Another unique feature of Resflux is that it supports all versions of Android from 2.3.6 (Gingerbread) to 4.4.4 (KitKat), meaning that even those on older hardware can use this mod to customize their devices. Sorry, early L adopters, the Xposed Framework does not work with the developer preview because it does not yet support ART yet.
Let's check it out.
Open the Xposed Installer and search for Resflux from the "Downloads" section. Swipe over to the Versions screen and tap the Download button. Alternatively, you can download the module directly from this link.
Once the mod is installed and activated, you will have a Resflux app installed on your device.
The Laboratory is where you will be doing the bulk of your modifications. When you enter the Laboratory, you will see a listing of all the packages installed on your device.
When you select a package, Resflux will map its resources, determining what assets can be modified. This process takes quite a long time, however, once it has been done for a specific package, it does not need to be done again. Packages in red indicate a system app, green a user app, and yellow a paid app.
Once the resources are mapped, you can navigate between the following five types of assets, via buttons at the top of the page: Drawable, String, Color, Boolean, and Integer.
I'll be showing you changes with the Torch app as an example. Note that it it often necessary to reboot your device for the changes made to take effect.
Drawables are the graphical assets used by a specific package, for example, app icons and images within the app itself. When you tap one of the assets, you are given a file picker to select a new image. The new image must be of the same format as the original.
Strings are text within a package. It is important to note that not all text in an app always shows up as a themable string because some developers hard code the text into their app.
This could be used to translate an app into another language or add some personalized text into an app or system package.
Color is the most commonly themed asset.

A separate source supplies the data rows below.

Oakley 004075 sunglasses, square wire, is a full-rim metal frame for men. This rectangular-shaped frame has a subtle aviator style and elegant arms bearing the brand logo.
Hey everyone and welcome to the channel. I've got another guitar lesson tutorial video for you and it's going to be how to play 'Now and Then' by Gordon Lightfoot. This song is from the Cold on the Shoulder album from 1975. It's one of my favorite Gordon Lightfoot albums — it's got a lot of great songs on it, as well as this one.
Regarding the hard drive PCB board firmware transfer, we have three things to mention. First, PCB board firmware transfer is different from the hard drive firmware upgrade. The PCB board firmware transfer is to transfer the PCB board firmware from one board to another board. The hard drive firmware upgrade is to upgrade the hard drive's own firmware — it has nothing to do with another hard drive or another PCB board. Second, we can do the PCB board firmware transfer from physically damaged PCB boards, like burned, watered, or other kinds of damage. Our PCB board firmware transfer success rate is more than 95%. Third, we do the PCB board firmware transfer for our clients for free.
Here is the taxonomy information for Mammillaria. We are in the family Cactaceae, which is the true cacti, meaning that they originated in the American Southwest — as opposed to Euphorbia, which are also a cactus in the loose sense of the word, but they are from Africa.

Here you are able to change many of the colors used within the selected package. When you select the asset, you are presented with a color wheel that easily allows you to pick a new color.

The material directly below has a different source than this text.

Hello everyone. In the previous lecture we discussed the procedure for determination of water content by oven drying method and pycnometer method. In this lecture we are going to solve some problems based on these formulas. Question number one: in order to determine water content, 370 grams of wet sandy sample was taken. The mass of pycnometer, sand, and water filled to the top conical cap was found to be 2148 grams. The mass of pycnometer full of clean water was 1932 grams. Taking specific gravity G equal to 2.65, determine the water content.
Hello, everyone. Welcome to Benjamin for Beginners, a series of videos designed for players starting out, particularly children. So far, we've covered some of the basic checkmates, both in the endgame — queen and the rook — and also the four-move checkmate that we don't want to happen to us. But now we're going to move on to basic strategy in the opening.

This could be used to make an ugly app or system package match the visual theme of your device.
Boolean assets are typically true or false settings within a package. The usefulness of modifying these settings will vary greatly on a package-by-package basis. You may even be able to turn on disabled features via changing a boolean setting from false to true.
In the example above, I changed the hasHighBrightness boolean value to true, which enables a new setting that was not previously available. Just be aware that often these features are turned off for a reason, so proceed with caution.

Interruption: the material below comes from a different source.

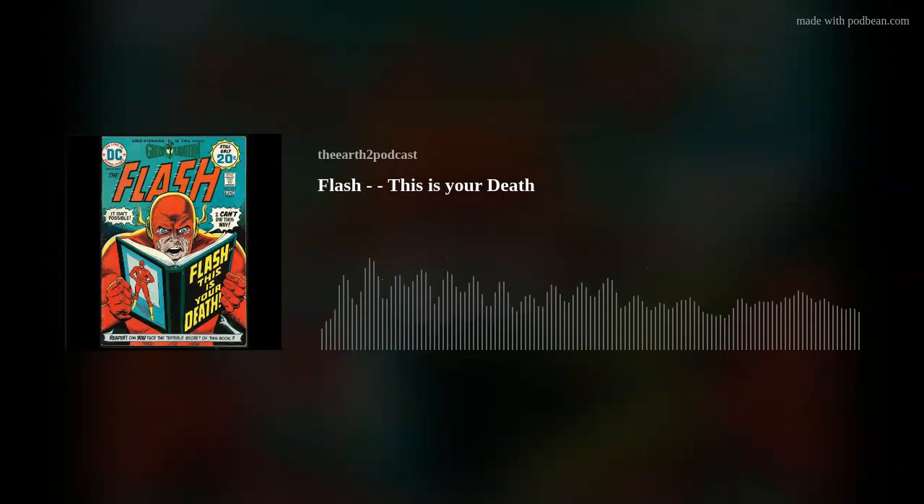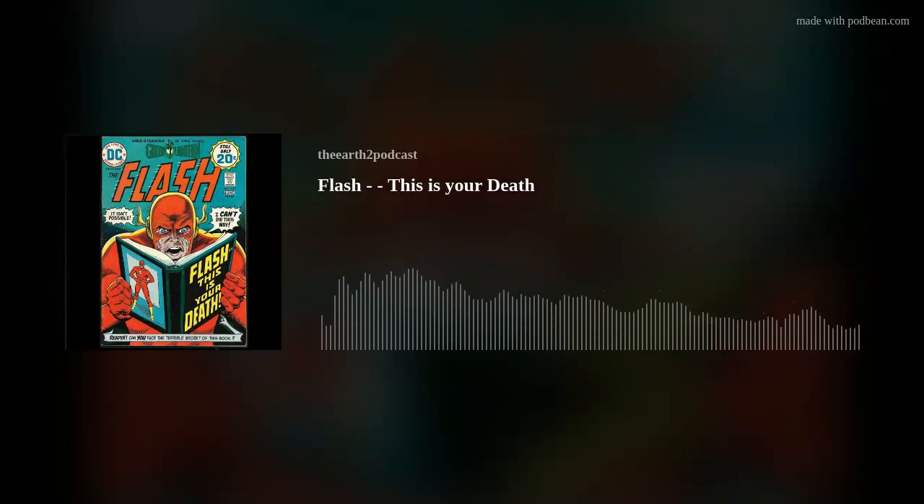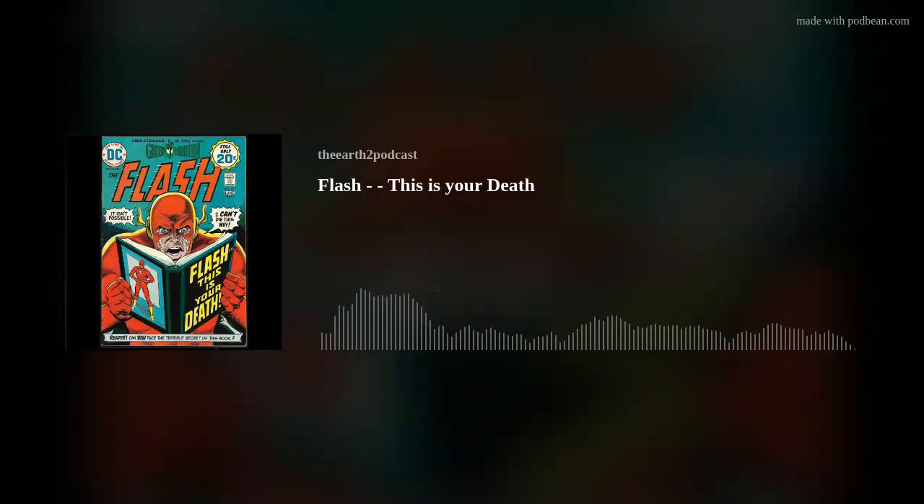Poor Barry is saying, 'It isn't possible. I can't die this way.' And in the bottom there's a scroll caption with one of those wonderful Carmine-esque pointy fingers saying, 'Reader, can you face the terrible secret of this book?' It's almost as though there's a light shining out of the book, the way Barry's lit up — very effective. I remember Pulp Fiction impressed me so much I decided never to watch it again to preserve the experience. Me and my friend Stephen Ottaway went to a midnight show and we had to get the night bus back to Paisley via Barrhead.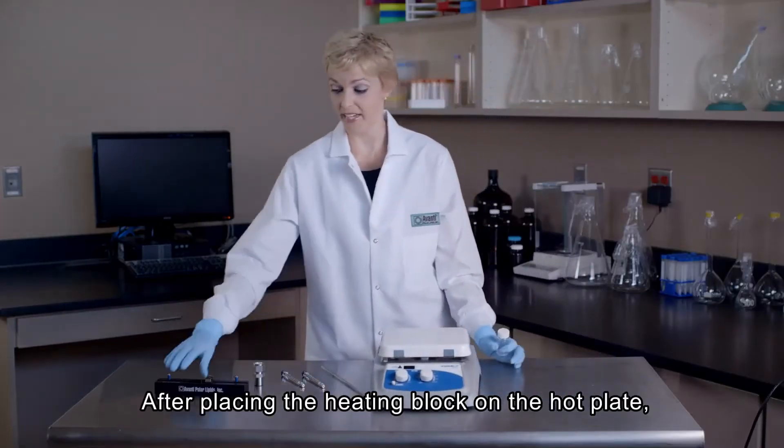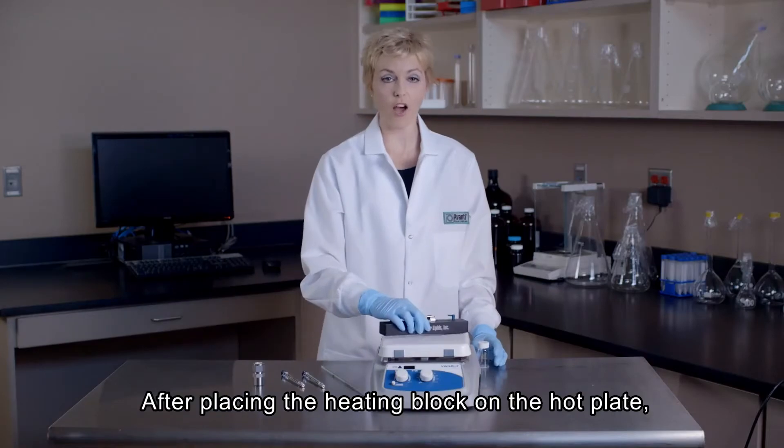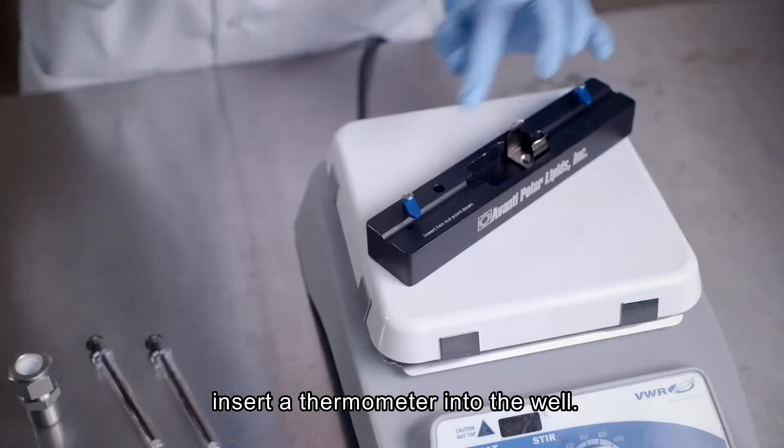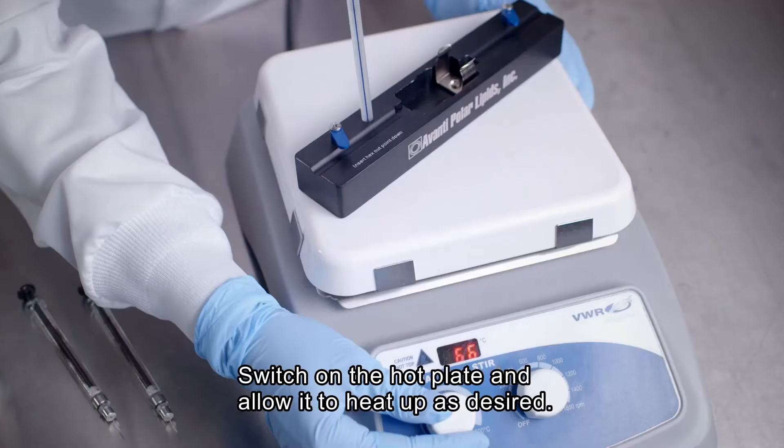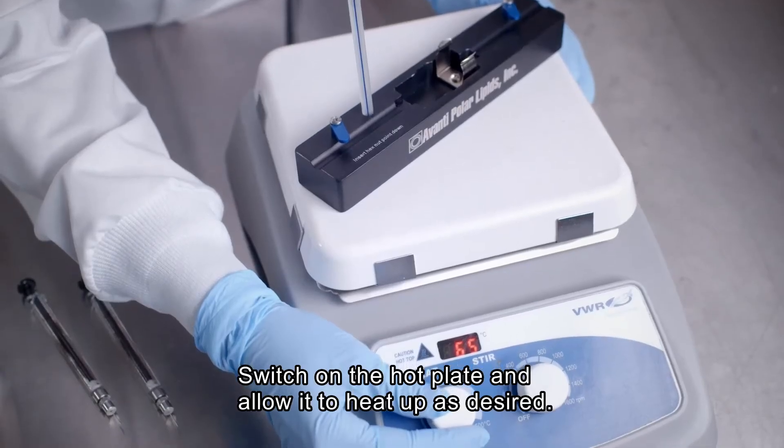Next, we will place our heating block on the hot plate, insert a thermometer into the well provided on the heating block, switch on the hot plate, and allow the hot plate and the heating block to reach the desired temperature.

Integers are number values which could be used for a vast number of things within an app, making the usefulness of modifying these values vary heavily.
In the example above with the simple Torch app, switching the valueOff value to 1 allowed the flashlight to be turned on but not to be turned off.
Resflux's Export feature allows you to easily export your modifications.
From the Export screen, you are shown all the packages that you have made modifications to—select one or several of them that you would like to save your changes to. When you hit export, you will be asked to set a label for the modifications. The changes are exported into a file in the Resflux folder on your SD card.
From the import screen, you can easily apply a previously exported series of modifications, or one that you have downloaded and placed in the Resflux folder on your SD card.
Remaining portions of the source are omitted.